Speaking of trends and forecasts, Geoff Ramsey, CEO of eMarketer, offered an entertaining and typically thorough overview of interactive industry trends yesterday. You may have heard some of these before, but it doesn't hurt to keep them close at hand. Ramsey's five mega media and marketing trends:
*The consumer is in control. Period.
*The consumer is skeptical and increasingly resistant to advertising.
*Media fragmentation is pervasive.
*Mass reach is being supplanted by niche
audiences that required improved methods of targeting.
*C-level execs are being held to new levels of accountability.
Ramsey's eMarketer aggregates data on the media, marketing and tech universes from a variety of sources--Forrester, Yankee, Nielsen//NetRatings, comScore, Jack Myers, Universal McCann, and many others. If you feel as though you've heard a few of his data points before, it's probably because you have. But his delivery is entertaining and lively and it really forces a wakeup call. The fact that several sources come up with different analyses of the same topic is all the more invigorating. As Ramsey says, "you have to consider the source" and must weigh the differences.
For example, The Myers Report found 85 percent of PVR (personal video recorder) owners skip at least some ads, while Ipsos-Reid's figure was 75 percent. Why? Not sure why.
The Yankee Group finds that 59 percent of consumers feel that most advertising has little relevance to them. Now what can we take from this? The fact that advertising and marketing must be relevant. How do we achieve relevance? Often, by targeting the appropriate messages at the appropriate times. Ramsey cited an example of Clear Channel's recent deployment of instantaneously changeable billboards targeted by daypart, and in-store ads, perhaps in a particular aisle of the grocery store. And then there's Google's Gmail, which targets ad messages based on the content of someone's email.
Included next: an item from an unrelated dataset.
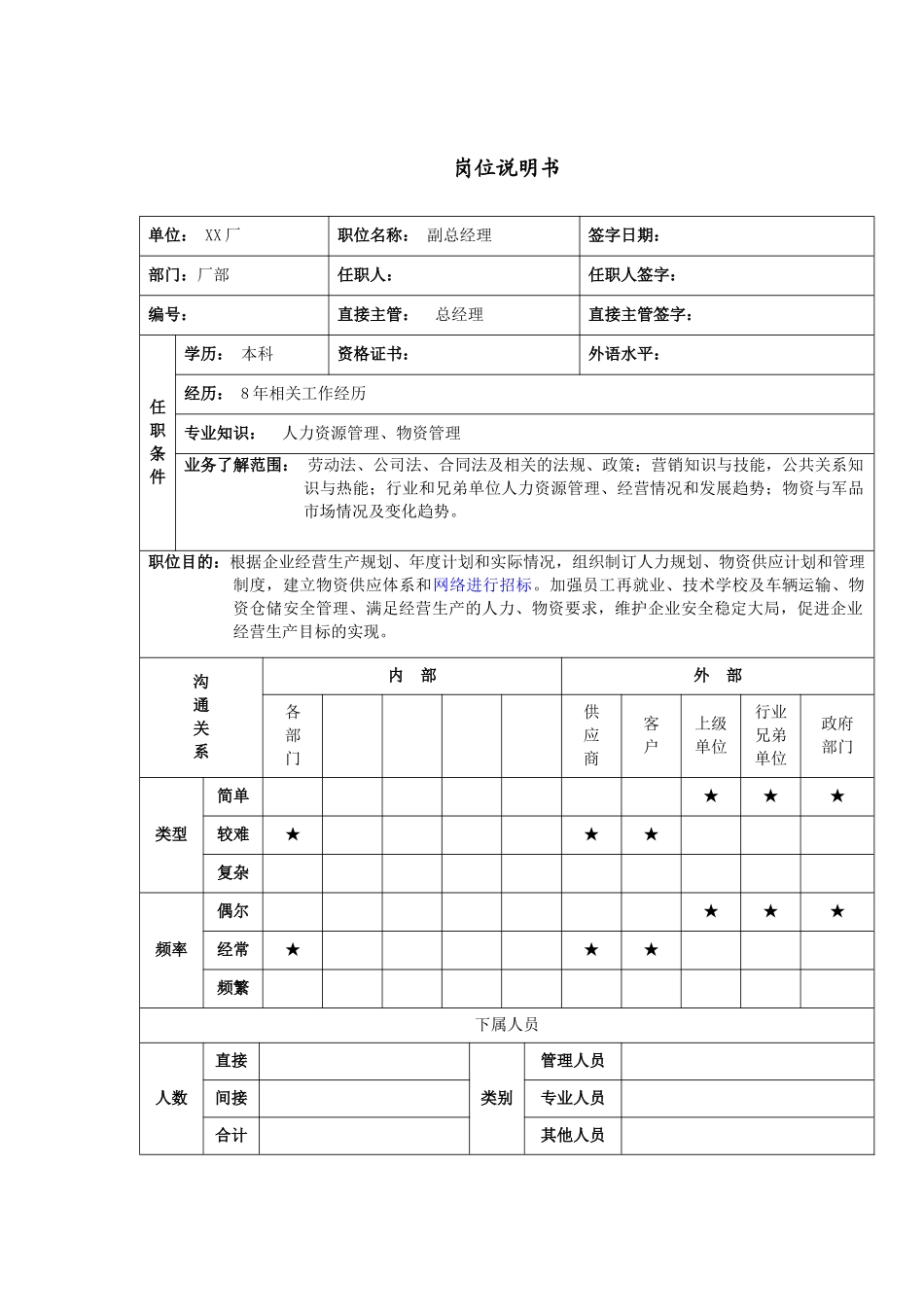 军工行业-厂部-副总经理岗位说明书_第1页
Ick.
Ramsey pointed out an area where there is divergence among researchers and media forecasters--total U.S. media spending growth . For example, for 2005 TNS/CMR projects 9.3 percent growth to eMarketer's 7.7 percent. Universal McCann's Robert Coen forecast 7.3 percent, while Standard & Poor's weighed in at 7.0 percent.
Emarketer puts online ad spending growth in the U.S. in 2004 at 25.2 percent, while Forrester says it's more like 22.5 percent. Piper Jaffray puts it at 21.0 percent, McCann at 20 percent, TNS/CMR at 15.8 percent and Zenith at 15 percent. And that's just a handful of sources.
All in all, the forecasts are all over the place but it's clear that Web spending has nowhere to go but up given that $57.4 billion is spent in the U.S. on TV media versus $7.3 billion on the Web.